| Data extract |
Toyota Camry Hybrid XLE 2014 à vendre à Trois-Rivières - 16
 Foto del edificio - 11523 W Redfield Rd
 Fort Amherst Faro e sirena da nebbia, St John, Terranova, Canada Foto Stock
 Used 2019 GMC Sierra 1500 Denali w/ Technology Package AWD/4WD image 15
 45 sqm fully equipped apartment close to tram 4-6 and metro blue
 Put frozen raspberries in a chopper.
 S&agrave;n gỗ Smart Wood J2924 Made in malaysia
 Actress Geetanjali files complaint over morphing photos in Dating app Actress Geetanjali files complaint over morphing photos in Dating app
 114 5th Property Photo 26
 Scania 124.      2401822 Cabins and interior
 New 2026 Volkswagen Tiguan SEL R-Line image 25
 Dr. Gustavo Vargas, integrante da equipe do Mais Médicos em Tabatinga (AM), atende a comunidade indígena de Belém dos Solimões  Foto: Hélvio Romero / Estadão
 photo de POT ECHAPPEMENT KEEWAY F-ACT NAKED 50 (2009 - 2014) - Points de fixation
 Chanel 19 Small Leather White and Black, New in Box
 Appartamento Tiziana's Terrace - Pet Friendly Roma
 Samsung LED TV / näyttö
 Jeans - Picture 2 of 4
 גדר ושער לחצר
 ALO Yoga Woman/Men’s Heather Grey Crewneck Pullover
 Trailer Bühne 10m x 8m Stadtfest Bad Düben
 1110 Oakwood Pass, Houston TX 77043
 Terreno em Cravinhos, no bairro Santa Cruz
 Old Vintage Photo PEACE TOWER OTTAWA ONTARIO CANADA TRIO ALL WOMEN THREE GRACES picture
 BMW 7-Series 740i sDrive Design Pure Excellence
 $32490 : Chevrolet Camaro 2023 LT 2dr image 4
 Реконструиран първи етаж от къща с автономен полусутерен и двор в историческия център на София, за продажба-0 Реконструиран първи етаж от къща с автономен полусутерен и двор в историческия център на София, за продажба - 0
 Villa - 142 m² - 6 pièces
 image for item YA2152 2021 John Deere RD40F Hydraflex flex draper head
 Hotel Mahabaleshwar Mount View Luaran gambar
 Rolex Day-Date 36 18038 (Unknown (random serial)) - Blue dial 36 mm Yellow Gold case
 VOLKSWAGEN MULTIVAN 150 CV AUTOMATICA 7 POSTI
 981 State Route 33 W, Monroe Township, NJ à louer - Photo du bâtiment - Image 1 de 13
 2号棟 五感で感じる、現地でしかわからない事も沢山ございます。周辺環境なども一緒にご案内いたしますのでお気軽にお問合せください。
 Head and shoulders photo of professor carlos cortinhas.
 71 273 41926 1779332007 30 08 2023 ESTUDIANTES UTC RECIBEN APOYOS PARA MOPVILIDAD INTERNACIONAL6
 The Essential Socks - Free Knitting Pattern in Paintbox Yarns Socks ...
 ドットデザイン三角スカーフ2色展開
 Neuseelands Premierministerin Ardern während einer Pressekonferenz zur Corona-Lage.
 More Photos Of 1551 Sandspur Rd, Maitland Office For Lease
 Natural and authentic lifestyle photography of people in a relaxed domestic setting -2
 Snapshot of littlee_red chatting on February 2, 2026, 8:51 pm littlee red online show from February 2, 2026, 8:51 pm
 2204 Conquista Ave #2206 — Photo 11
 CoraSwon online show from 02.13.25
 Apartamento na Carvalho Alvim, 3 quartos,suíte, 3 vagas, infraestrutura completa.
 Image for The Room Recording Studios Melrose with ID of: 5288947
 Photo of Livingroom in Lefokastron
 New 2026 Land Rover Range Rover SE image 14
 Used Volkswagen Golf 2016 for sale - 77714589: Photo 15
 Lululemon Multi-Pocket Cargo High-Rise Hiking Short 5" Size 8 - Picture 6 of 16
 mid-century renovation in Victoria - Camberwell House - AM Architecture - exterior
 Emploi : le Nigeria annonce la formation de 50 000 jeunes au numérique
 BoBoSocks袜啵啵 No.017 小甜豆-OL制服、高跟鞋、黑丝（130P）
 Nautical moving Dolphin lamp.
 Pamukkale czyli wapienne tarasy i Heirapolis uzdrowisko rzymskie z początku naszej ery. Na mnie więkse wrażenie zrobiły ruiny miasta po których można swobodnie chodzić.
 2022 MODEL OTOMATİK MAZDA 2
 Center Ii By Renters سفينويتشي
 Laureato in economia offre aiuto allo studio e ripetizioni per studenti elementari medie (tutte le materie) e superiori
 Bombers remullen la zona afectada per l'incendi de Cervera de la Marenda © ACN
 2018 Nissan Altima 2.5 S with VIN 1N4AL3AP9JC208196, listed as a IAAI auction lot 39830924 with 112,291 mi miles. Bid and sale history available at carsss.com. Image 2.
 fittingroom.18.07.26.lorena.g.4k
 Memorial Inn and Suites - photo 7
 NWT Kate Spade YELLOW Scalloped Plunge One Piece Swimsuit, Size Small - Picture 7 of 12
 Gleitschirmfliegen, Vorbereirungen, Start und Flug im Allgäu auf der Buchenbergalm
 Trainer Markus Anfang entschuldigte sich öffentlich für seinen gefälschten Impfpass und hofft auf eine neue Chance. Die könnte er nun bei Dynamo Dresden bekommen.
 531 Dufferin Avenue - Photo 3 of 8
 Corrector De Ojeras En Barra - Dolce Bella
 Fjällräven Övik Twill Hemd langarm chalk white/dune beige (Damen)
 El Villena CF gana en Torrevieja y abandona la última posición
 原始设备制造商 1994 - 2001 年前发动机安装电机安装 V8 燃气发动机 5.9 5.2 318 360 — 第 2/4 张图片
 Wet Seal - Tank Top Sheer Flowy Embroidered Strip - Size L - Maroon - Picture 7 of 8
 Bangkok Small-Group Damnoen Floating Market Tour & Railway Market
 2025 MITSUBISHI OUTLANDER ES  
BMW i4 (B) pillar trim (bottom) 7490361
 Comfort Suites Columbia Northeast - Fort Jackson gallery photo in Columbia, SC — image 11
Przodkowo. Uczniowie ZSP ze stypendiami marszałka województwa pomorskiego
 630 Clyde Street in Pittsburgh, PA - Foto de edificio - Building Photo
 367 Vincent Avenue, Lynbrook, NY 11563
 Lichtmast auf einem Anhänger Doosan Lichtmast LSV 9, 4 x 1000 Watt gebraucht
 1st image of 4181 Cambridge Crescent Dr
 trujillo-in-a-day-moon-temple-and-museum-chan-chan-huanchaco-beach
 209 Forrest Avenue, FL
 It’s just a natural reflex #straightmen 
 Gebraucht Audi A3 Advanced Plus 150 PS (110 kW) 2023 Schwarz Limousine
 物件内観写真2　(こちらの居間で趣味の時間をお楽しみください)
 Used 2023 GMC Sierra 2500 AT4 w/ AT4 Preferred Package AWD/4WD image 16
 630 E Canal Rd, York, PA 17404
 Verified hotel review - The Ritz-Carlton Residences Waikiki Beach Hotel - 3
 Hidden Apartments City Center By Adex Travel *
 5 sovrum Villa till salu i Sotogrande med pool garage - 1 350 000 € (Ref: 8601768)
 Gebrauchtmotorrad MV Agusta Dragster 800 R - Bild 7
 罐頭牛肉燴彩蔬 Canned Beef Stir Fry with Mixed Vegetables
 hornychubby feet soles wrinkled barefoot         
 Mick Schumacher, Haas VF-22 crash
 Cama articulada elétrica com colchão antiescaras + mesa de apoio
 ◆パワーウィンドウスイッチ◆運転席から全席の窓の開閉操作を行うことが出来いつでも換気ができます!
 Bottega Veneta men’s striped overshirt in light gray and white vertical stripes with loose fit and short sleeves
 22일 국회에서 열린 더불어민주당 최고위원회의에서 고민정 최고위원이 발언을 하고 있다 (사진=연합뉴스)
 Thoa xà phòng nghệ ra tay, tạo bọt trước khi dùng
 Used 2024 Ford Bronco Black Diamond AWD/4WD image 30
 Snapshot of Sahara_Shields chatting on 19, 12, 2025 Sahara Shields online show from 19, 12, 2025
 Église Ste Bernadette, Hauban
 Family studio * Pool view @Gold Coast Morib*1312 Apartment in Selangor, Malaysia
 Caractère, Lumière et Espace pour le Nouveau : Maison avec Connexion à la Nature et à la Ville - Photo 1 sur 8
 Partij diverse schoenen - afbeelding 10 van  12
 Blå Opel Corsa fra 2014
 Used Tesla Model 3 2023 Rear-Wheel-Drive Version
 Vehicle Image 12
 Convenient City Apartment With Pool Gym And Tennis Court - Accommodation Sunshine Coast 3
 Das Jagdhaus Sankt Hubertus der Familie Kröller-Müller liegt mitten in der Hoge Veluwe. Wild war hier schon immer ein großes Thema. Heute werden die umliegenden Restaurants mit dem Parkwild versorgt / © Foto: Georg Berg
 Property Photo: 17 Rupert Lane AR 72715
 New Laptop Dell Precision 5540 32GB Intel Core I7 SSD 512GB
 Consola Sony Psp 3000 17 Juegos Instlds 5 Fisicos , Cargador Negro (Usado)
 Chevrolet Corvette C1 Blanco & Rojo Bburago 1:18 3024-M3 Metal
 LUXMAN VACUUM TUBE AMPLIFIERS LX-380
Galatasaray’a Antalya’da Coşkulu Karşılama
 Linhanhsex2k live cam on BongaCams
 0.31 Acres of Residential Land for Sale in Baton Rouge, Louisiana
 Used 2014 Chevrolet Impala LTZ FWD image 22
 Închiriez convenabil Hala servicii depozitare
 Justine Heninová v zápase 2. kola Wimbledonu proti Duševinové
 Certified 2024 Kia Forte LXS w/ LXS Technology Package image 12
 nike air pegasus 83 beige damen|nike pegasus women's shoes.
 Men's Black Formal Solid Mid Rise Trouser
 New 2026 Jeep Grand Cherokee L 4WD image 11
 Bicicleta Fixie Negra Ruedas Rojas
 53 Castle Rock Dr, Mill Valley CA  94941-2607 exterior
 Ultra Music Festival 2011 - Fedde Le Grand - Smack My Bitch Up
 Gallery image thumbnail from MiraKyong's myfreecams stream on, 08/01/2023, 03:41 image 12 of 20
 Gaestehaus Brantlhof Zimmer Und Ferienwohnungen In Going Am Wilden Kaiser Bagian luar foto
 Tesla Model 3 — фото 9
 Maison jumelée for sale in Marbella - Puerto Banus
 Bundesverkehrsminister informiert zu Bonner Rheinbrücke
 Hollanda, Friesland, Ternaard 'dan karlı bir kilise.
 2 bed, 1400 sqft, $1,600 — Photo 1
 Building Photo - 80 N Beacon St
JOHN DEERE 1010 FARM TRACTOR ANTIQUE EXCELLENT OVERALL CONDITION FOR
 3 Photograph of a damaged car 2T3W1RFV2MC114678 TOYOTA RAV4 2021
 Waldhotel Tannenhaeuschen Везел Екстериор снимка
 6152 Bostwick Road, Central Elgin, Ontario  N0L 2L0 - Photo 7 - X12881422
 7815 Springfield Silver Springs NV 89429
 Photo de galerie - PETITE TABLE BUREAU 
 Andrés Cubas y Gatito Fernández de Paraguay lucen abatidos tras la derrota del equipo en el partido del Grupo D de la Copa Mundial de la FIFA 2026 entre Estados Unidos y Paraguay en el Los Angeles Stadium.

| Instructions for the task |
Only the lines above starting at the line that holds "Chevrolet Corvette C1" and ending at the line that holds "53 Castle Rock" are to be repeated, exactly and in full.

| Exercise solution |
 Chevrolet Corvette C1 Blanco & Rojo Bburago 1:18 3024-M3 Metal
 LUXMAN VACUUM TUBE AMPLIFIERS LX-380
Galatasaray’a Antalya’da Coşkulu Karşılama
 Linhanhsex2k live cam on BongaCams
 0.31 Acres of Residential Land for Sale in Baton Rouge, Louisiana
 Used 2014 Chevrolet Impala LTZ FWD image 22
 Închiriez convenabil Hala servicii depozitare
 Justine Heninová v zápase 2. kola Wimbledonu proti Duševinové
 Certified 2024 Kia Forte LXS w/ LXS Technology Package image 12
 nike air pegasus 83 beige damen|nike pegasus women's shoes.
 Men's Black Formal Solid Mid Rise Trouser
 New 2026 Jeep Grand Cherokee L 4WD image 11
 Bicicleta Fixie Negra Ruedas Rojas
 53 Castle Rock Dr, Mill Valley CA  94941-2607 exterior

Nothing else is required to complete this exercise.